Он был настолько переполнен счастьем, что тут же предложил Эшлар устроить себе еще один отпуск на конвенции в Пекине, Иллинойс, находившемся всего в десяти милях от их родной Пеории. Она ответила, что поедет, хоть и терпеть не может двуногих пресмыкающихся, толпящихся вокруг него на конвенциях. Она проведет все время в барах в компании других писательских жен. С ними она сможет расслабиться и отдохнуть от базарного гвалта, который обычно устраивают писатели, стоит им только собраться до кучи.
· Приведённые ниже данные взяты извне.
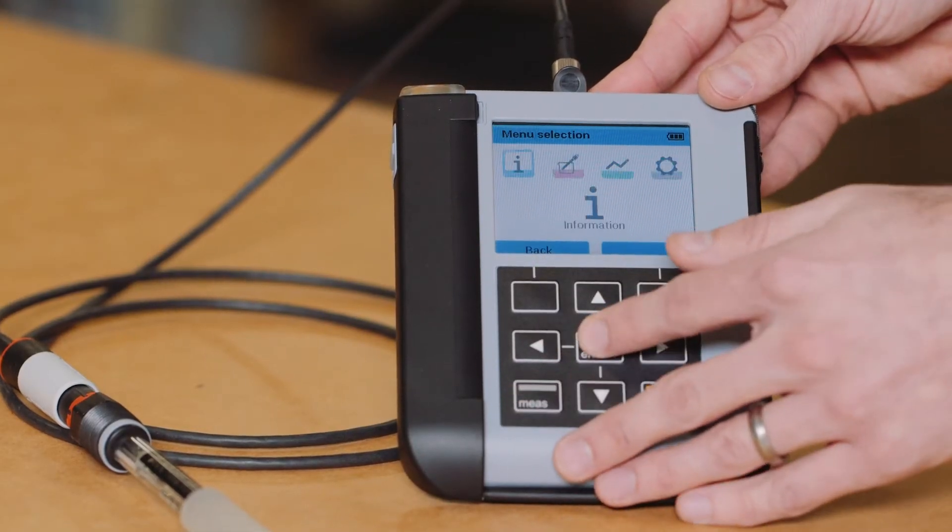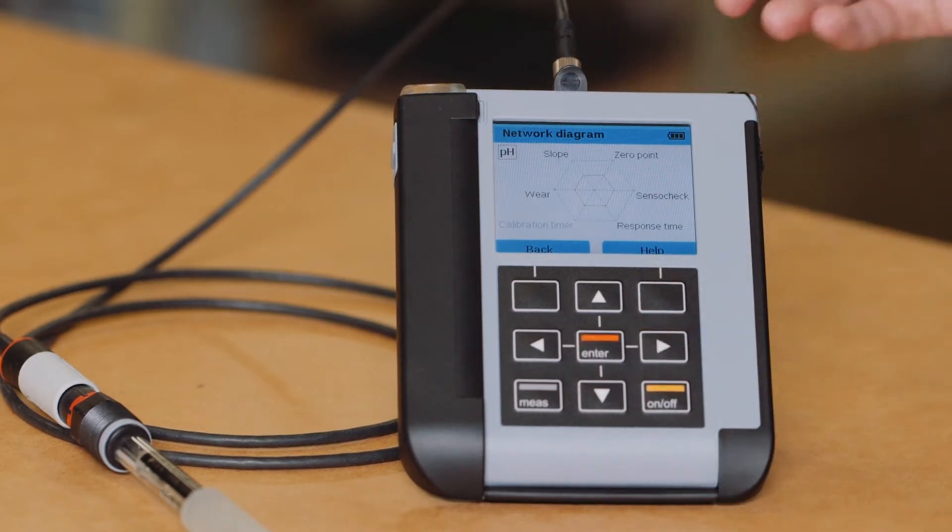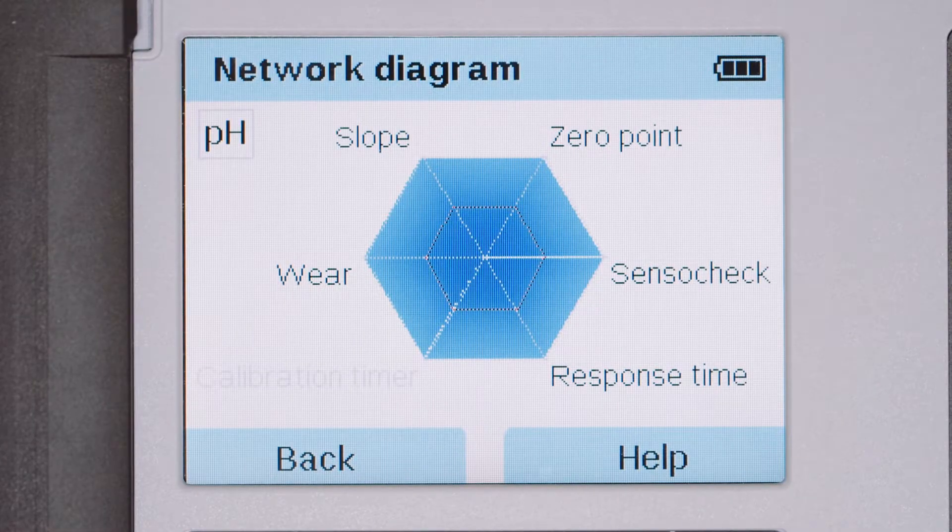For a more in-depth analysis on the condition of the connected sensor, the sensor network diagram should be used when troubleshooting pH and oxygen sensors. The sensor network diagram provides single glance information on sensor parameters which are continuously being monitored. The parameter values in the diagram should lie between the outer 100% and inner 50% hexagon.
Жены писателей не увлекаются фантастикой и редко читают даже произведения мужей. Причем исключительно собственных мужей.
Ник не был суеверным, но когда он увидел программку конвенции, все же расценил ее как добрый знак свыше. На первой странице большими округлыми буквами было напечатано ее название, которое должно было звучать как «КОПЕЛ» (на слэнге фанов — Ко(нвенция) Пе(кинская) Л(итераторов). Но там почему-то значилось: «КОБЕЛ».
Позже Ник признал, что истолковал предзнаменования неверно.
Сначала все шло настолько хорошо, насколько только можно было пожелать. Поклонники буквально лобызали ему ноги, и восторг во взглядах был очевиден. Некоторые даже платили за выпивку, вместо того чтобы, как обычно, оставлять его потеть наедине с непомерным счетом.
Эшлар тоже, казалось бы, должна была быть счастлива. Но вместо этого она принялась изводить его жалобами: мол, только из-за того что она хочет вести нормальную супружескую жизнь, ей, очевидно, всю эту жизнь придется протаскаться по уже осточертевшим конвенциям.
Тогда Ник сговорился с восемнадцатилетней почитательницей, обладающей гривой светлых волос, лицом эльфа, огромными глазами, в которых светилось поклонение, грудями, плывущими впереди нее, словно два воздушных шара, и ногами Марлен Дитрих. Звали ее Баркис, и она вся трепетала от желания, а он дурел от нетерпения. Наконец они уединились в ее комнате, и по секс-шкале Рихтера мощность достигла 8, 6 баллов. Постепенно поднимаясь, она грозила уже перейти за критическую отметку в 9, 6, когда дверь содрогнулась от грохота кулаков Эшлар и ее воплей с требованием немедленно открыть.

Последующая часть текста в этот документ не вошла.